The Inner Critic will weave its way into a hopeful relationship meeting moment by its inner commentary which can, without you being aware of it, make you feel what it says is true.
The science behind love
Quantum Physics is a science that studies matter and energy. What is interesting about recent data is that the scientists have studied thoughts and there is enough evidence now to affirm that your thoughts are energy. These thoughts are transmitting to the world around you without you having to say anything at all!
In other words, what you are saying internally to yourself, if negative in nature, can be picked up on by the person you are communicating with, and this includes your potential love partner.
I am not suggesting everyone should feel super-duper confident when they are looking for love because it is completely normal to feel hesitant and a little nervous. However, an inner, natural confidence and glow in who you are is a very attractive quality that can be magnetic. It can make the difference between an unsuccessful meeting and an opportunity for you both to explore more about each other if you choose from a confident place.

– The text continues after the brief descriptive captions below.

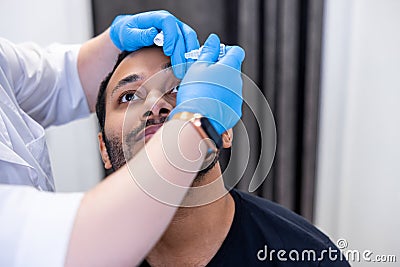 Ophtalmologist dropping eye drops to patients eyes Stock Photo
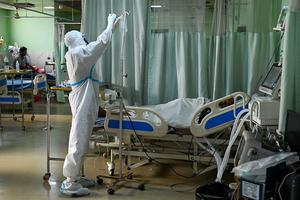 A health worker wearing a personal protective equipment (PPE) suit attends to a COVID-19 coronavirus patient inside the Intensive Care Unit of the Teerthanker Mahaveer University hospital in Moradabad on May 5. A health worker wearing a personal protective equipment (PPE) suit attends to a COVID-19 coronavirus patient inside the Intensive Care Unit of the Teerthanker Mahaveer University hospital in Moradabad on May 5.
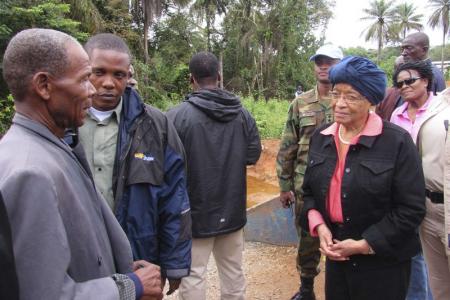Liberian President Ellen Johnson-Sirleaf speaks to villagers about Ebola virus precautions outside Ganta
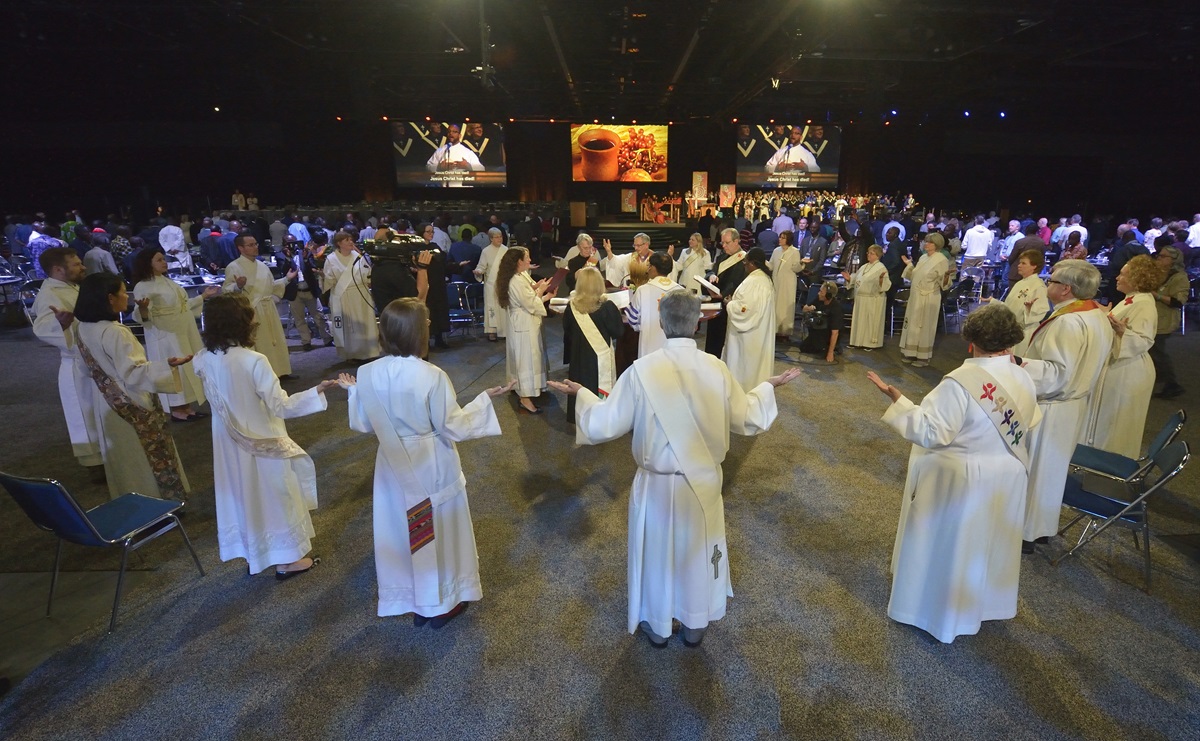 Clergy members bless the elements of Holy Communion during the 2016 United Methodist General Conference in Portland, Ore. The Commission on the General Conference met March 21 to discuss next steps after coronavirus concerns forced the postponement of this year’s legislative assembly. File photo by Paul Jeffrey, UM News.
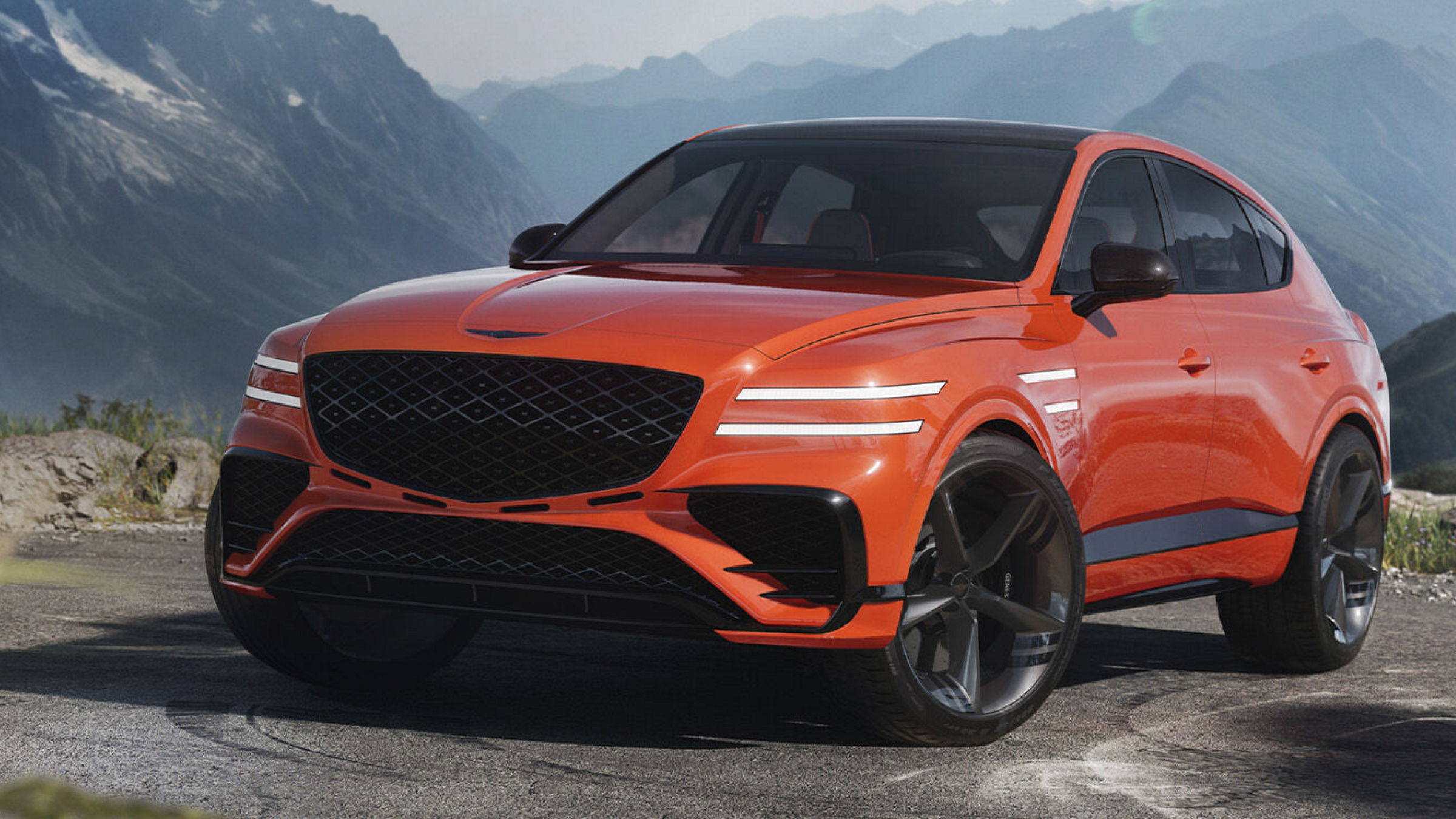 Genesis GV80 Coupe from the front with mountains in the background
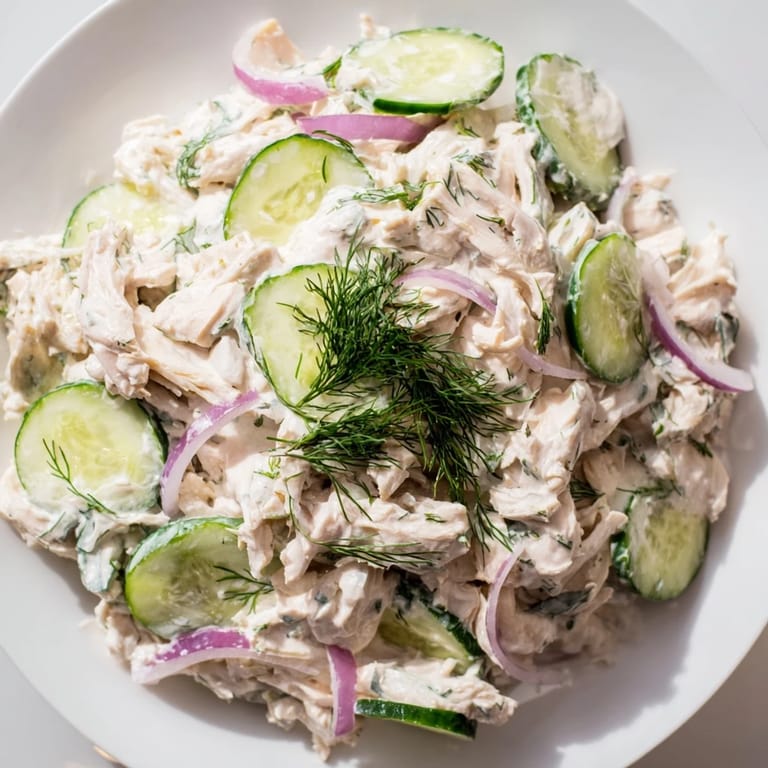 Creamy cucumber chicken salad served in a white bowl, garnished with green onions and lemon wedges, perfect for a refreshing high-protein lunch.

Exuding a natural, charismatic personality that people find attractive, takes practice. I don’t believe people are born with natural confidence – we need to learn it!
A person who is charismatic and has mastered the art of a healthier inner dialogue, or in other words, has learnt to tune out of their Inner Critic will energetically be more attractive. The domino effect is they will be more open to who they like rather than ‘who the Inner Critic says won’t like them.’
Another issue that arises from a strong Inner Critic when looking for a loving relationship is that negative thinking hinders intuition. Being negative can extinguish that gut feeling you have when something or someone is good for you.
It is therefore, key to create healthier inner conversations because it will open up doors to amazing people that you had never thought of before. Without an Inner Critic ranting on at you, you can become more authentic to who you are and know who is truly good for you and your self-esteem and who is not.
Some top tips on how to start to become The Charismatic person you truly are:
- Write down what the Inner Critic says about you, then write the opposite about yourself and the great qualities you have. Keep the positives statements around you, such as on a post-it note, and set your phone alarm every hour to remind you of these positive comments about yourself.
- Imagine 5 minutes a day seeing yourself getting ready for your date feeling calm and confident. Rehearse over and over again coming home feeling good about what you said and how you handled yourself. The more you do this the more your mind is learning it is safe to go on a date and feel good about you.
- Keep reminding yourself that you don’t have to be attracted nor attractive to everyone and that the world out there has lots of potential dates and relationships but only the ones that are good for you.
- Each time you hear an Inner Critic comment, breathe it out and know that it is not the truth but just a negative conversation. Then breathe in calm and positive comments such as ‘I deserve to attract a healthy relationship’ or ‘It is safe to trust that I have the ability to attract a positive relationship.’ The more your mind hears this, the more your mind will discover this is your truth.